He explained that the average price per barrel of oil equivalent
actually drops by including the gas. A $48/barrel of oil
equivalent is the gas destination value, and on a barrel of oil
equivalent basis, the transportation costs increase and the
total gross value at point of production per barrel of oil
equivalent becomes $79.79. With the same per barrel of oil
equivalent lease expenditures, one's production tax value per
barrel of oil equivalent under ACES drops to $43.86 from $64.87
from before the gas sale; the base tax (25 percent) will
increase a little to $10.97.
4:08:10 PM
MR. PAWLOWSKI explained that the de-coupling dilemma was a
problem that was thoroughly discussed in the 26th Legislature;
it is exacerbated by the aggressive net-based progressive
function, and it's when a high value product (light oil) is
blended with a low value product (gas), because you are moving
is the blended price of the two commodities together, which
walks through the equation in the relationship to progressivity
in the same way as a reduction in price would naturally.
Adding the 1 bcf/gas/day (lower value product) to the higher
value light oil leads to a lower oil value per barrel of oil
equivalent and functionally reduces the state revenues before
credits from $4,302,000,000 to $3,096,000,000. So, bringing the
low value gas on line when you have a net based progressivity
reduces revenue to the state. The values are drug down because
they are linked together.
4:09:42 PM
SENATOR MICCICHE referred to slide 17 with $109 ANS price.
MR. STICKEL said they assumed the $109 for the oil being sold
and averaging in the $8 per 1/btu gas; and on a barrel of oil
equivalent basis the weighted average price is $93.39. The way
the ACES tax works, if you have a major gas sale, that gas is
converted to barrel of oil equivalent on the ratio of 6
mmbtu/gas equal to 1 barrel of oil.
MR. PAWLOWSKI said what they see happening is 170,262,000
barrels produced at $109.61/barrel; then they're seeing
60,833,333 barrels of oil equivalent produced at $48/barrel. So,
that lower value gas blended with the higher value oil is all
rolled together into the net calculation which leads to a lower
overall price for the total product stream.
4:11:24 PM
SENATOR MICCICHE asked why transportation costs go up if they
are averaged together; it's a pretty substantial jump.
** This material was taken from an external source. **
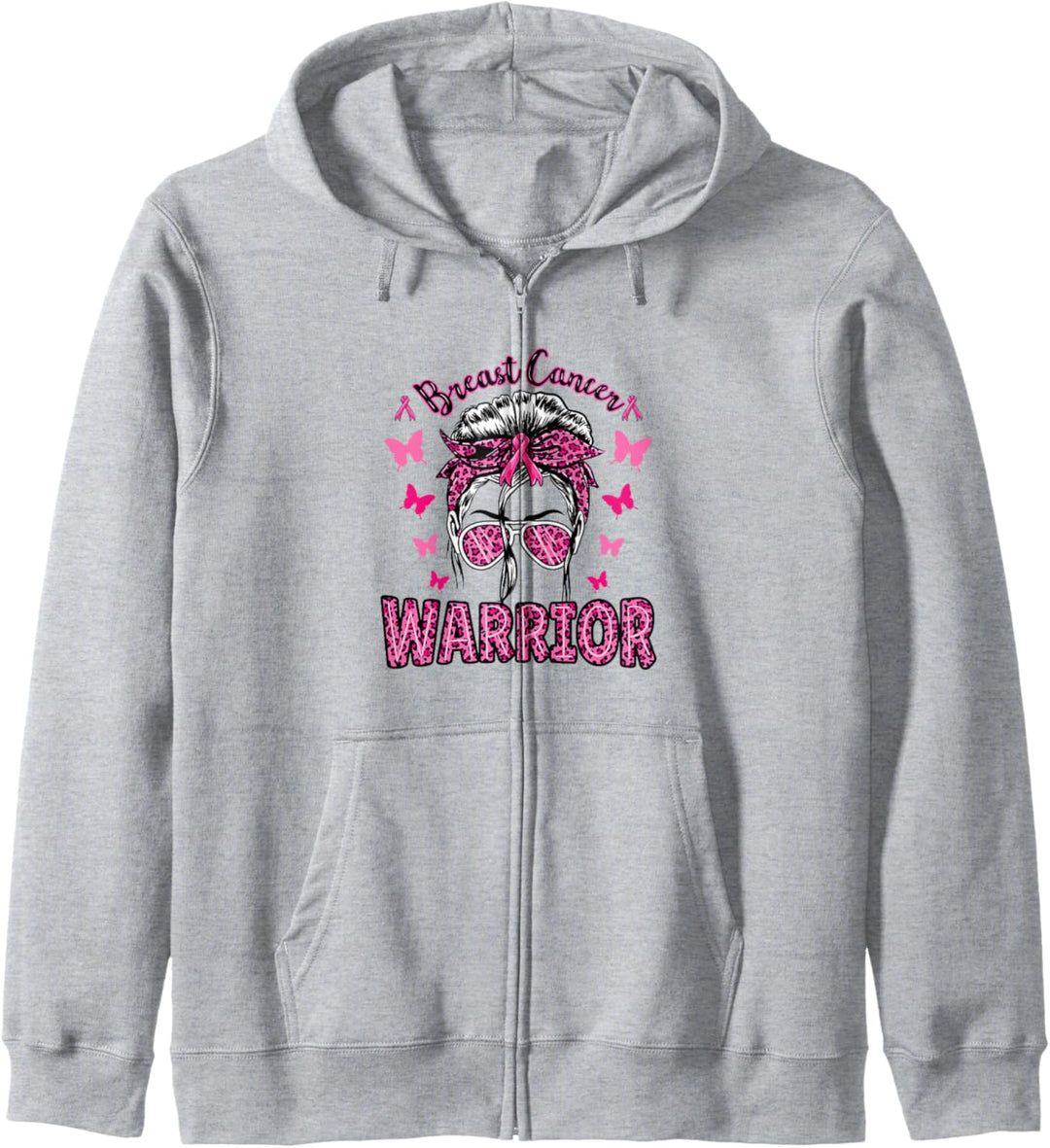 Breast Cancer Warrior Leopard Unordentliches Brötchen Kapuzenjacke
MR. PAWLOWSKI replied because the cost of moving the gas is in
relationship to the value of the gas much higher than it is for
moving a barrel of oil. The tariffs on any gas pipeline would
generally be much higher as a portion of the value of the
product than it is for moving the liquid oil. In this example,
they see transportation costs of $4.50 on an $8/gas price versus
transportation costs of $8.81 for oil on $109 price. It's just a
function of it being much more expensive to move a much lower
value product. And when all of that rolls in together, one sees
a substantial reduction in state revenue when the gas is
produced alongside the oil. That's because the overall value of
all of it has been brought down and that .4 percent
progressivity moves the total value down. So rather than a
progressive tax of 13.95 percent, you move to a regressive tax
of 5.55 percent. And the tax rate drops dramatically as opposed
to just producing the oil.
4:12:39 PM
His general summary was that progressivity is fundamentally not
simple, and that is because:
-It reduces the cash margin per barrel in ways that leaves
Alaska uncompetitive. That is where the administration started
to look at the impacts of progressivity. Once you are in the low
spending, cash generation phase of these long life time
projects, progressivity goes up.
-It is highly sensitive to price, making it difficult to predict
for the state of Alaska and taxpayers. So if a taxpayer is
looking forward to a long term investment, any benefit from
progressivity is basically dependent on what the price of oil
happens to be when that investment is made. It may work for
short term decisions, but not well for long ones.
SENATOR BISHOP commented that it seems that it could take a
common sense approach out of when a producer would actually
would want to do their front end work to get more oil out of the
field, because at high prices the math doesn't work as well as
at lower prices, making it less advantageous to develop a field
from the investor's perspective.
MR. PAWLOWSKI agreed and added that the higher prices make it
worse than the lower prices from the investor's perspective. It
creates misalignment potentially in that it incentivizes
spending, because that short term decision is easy to make under
the progressive system. The tax rate is changing monthly not
annually and if an investor is looking at a long term - 3-5 year
-Big spending investment, looking through the lens of a tax rate
that is changing monthly over that entire time period based on
oil prices which no one has any control over is not easy.
-It creates misalignments between working interest owners based
on individual spending programs.
-It incentivizes spending but not necessarily investments that
lead to production
-It mutes the incentive to save costs or utilize technology.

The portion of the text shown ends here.